Have you ever run an application through your CI/CD pipeline and seen all of the tests pass, only to have the application not function as expected when you deploy it to a live target environment? This situation is very common and plagues many teams - you can’t always anticipate what will happen when your application is pushed live. Smoke tests are designed to reveal these types of failures early by running test cases that cover the critical components and functionality of the application. They also ensure that the application will function as expected in a deployed scenario. When implemented, smoke tests are often executed on every application build to verify that basic but critical functionality passes before jumping into more extensive and time consuming testing. Smoke tests help to create fast feedback loops and are very useful in the software development life cycle.
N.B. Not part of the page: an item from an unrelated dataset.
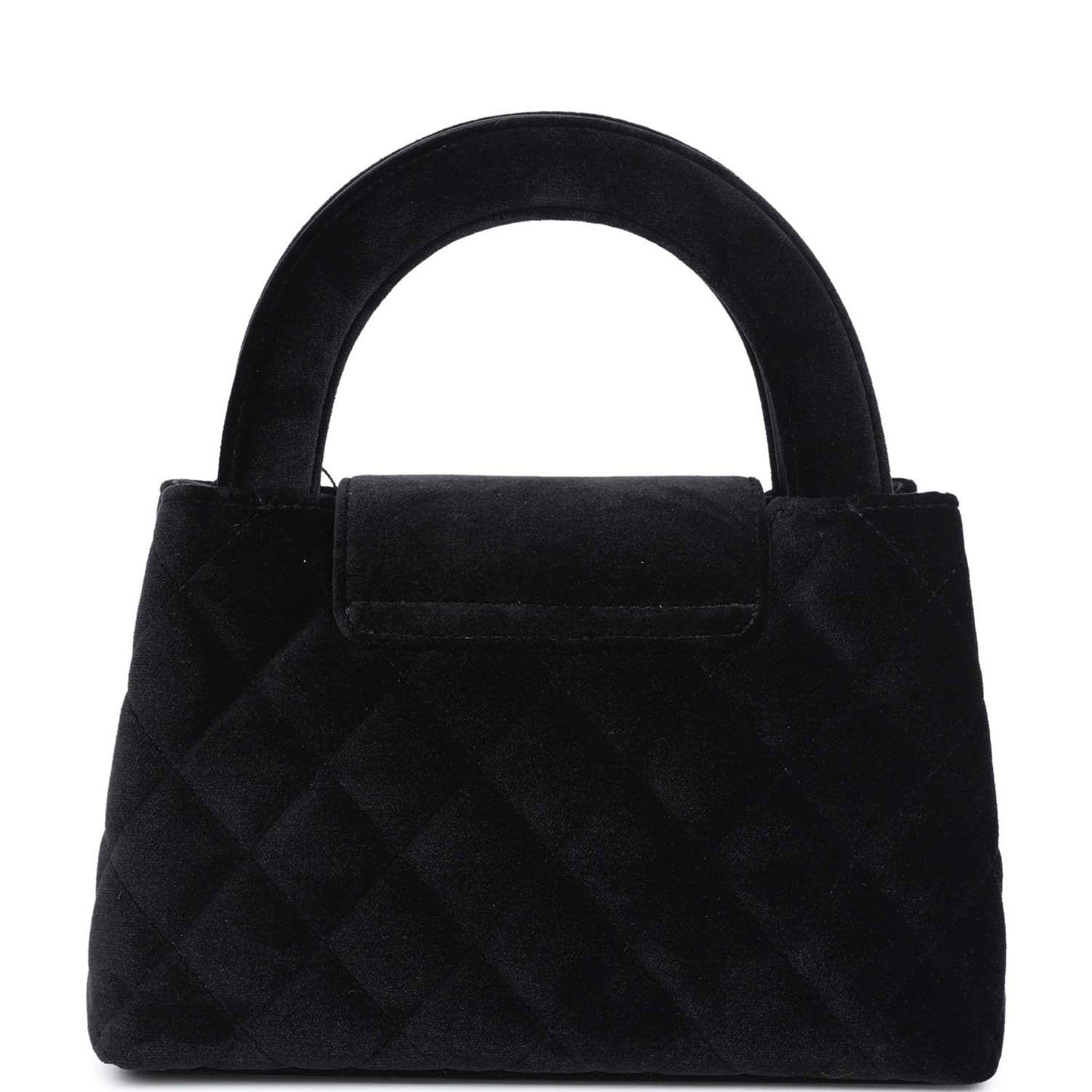 Chanel Small Kelly Shopper Black Velvet Brushed Gold Hardware Handbag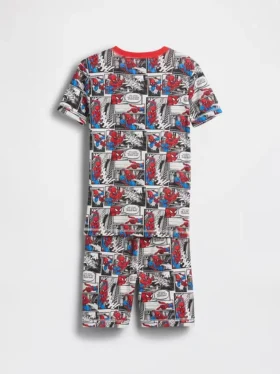 Conjunto de pijama de pantalones cortos para niños de Spider-Man de algodón orgánico cepillado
In this post I’ll demonstrate how to add smoke testing to the deployment stage of a CI/CD pipeline which will test simple aspects of the application post deployment.
Technologies used
This post will reference the following technologies:
- GitHub
- CircleCI
- Docker
- Kubernetes
- Google Kubernetes Engine (GKE)
- Bash
- smoke.sh - open source smoke testing framework by asm89
- Pulumi
Prerequisites
This post relies on configurations and code that are featured in my previous post Automate releases from your pipelines using Infrastructure as Code. The full source code can be found in this repo.
Smoke tests
Smoke tests are great for exposing unexpected build errors, connection errors, and validating a server’s expected response after a new release is deployed to a target environment. For example, a quick, simple smoke test could validate that an application is accessible and is responding with expected response codes like OK 200
, 300
, 301
, 404
, etc. The examples in this post will test that the deployed app responds with an OK 200
server code and will also validate that the default page content renders the expected text.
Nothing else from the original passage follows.